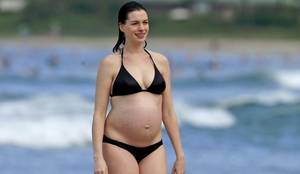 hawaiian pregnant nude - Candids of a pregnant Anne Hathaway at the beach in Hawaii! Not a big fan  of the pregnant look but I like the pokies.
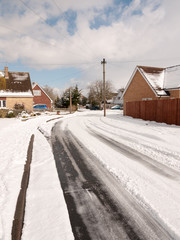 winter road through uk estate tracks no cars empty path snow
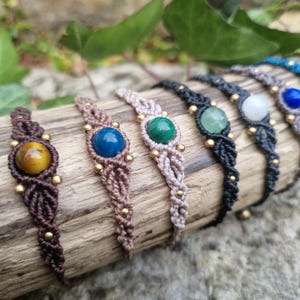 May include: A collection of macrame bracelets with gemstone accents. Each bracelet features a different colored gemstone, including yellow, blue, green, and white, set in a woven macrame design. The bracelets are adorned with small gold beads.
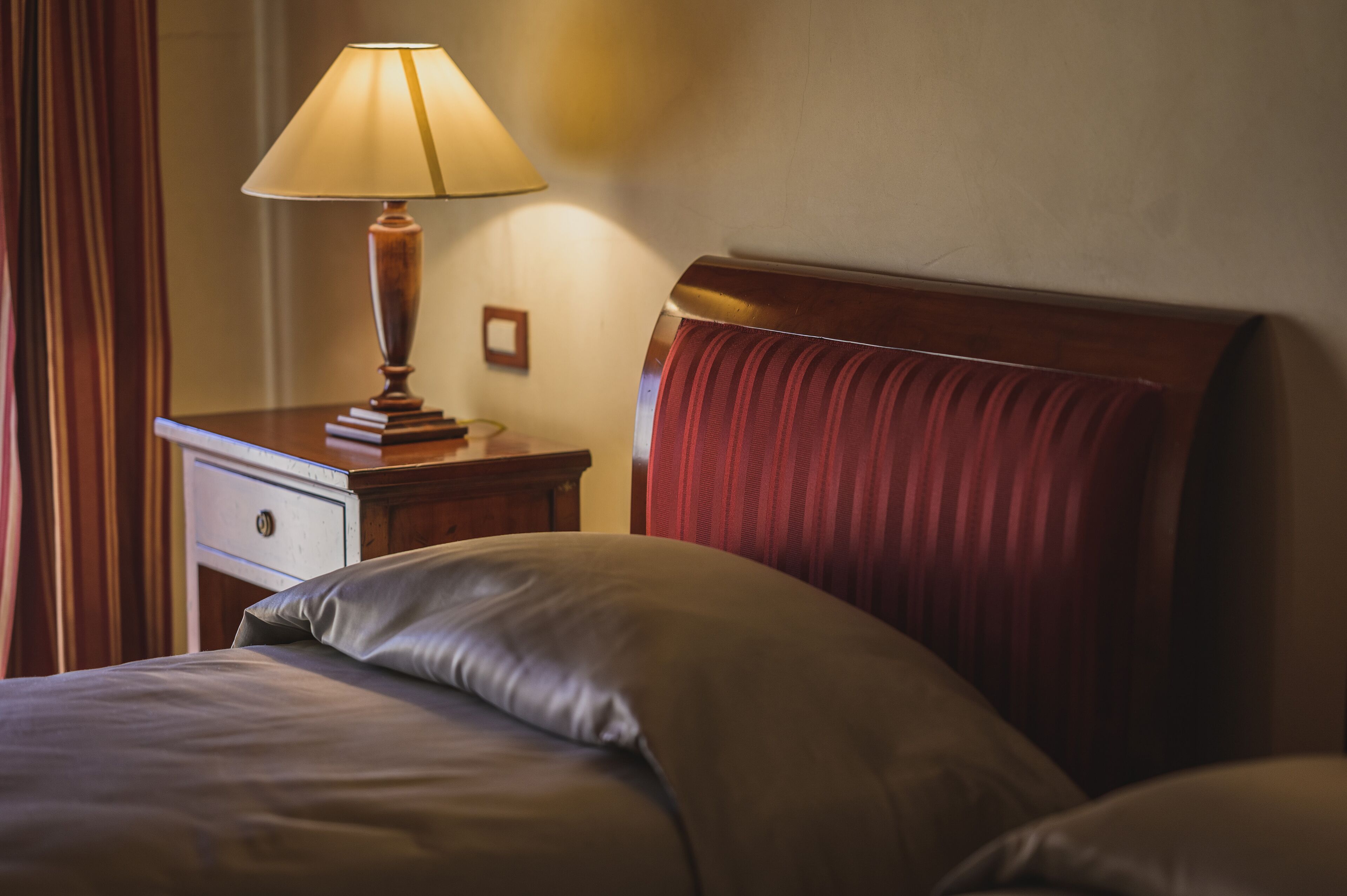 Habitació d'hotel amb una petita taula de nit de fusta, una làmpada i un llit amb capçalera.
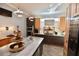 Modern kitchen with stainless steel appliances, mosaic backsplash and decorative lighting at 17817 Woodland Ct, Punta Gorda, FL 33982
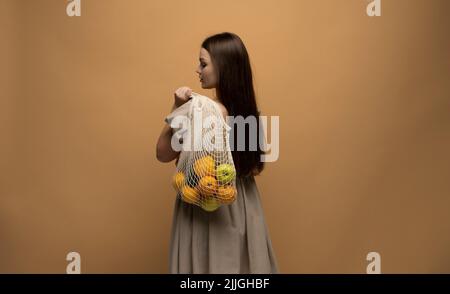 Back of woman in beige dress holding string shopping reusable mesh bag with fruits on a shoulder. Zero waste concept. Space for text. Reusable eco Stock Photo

# [Exercise brief]
Starting from the first line of the listing above, write out every line exactly through the one containing "winter road through", and drop the pictures.

# [Exercise result]
 hawaiian pregnant nude - Candids of a pregnant Anne Hathaway at the beach in Hawaii! Not a big fan  of the pregnant look but I like the pokies.
 winter road through uk estate tracks no cars empty path snow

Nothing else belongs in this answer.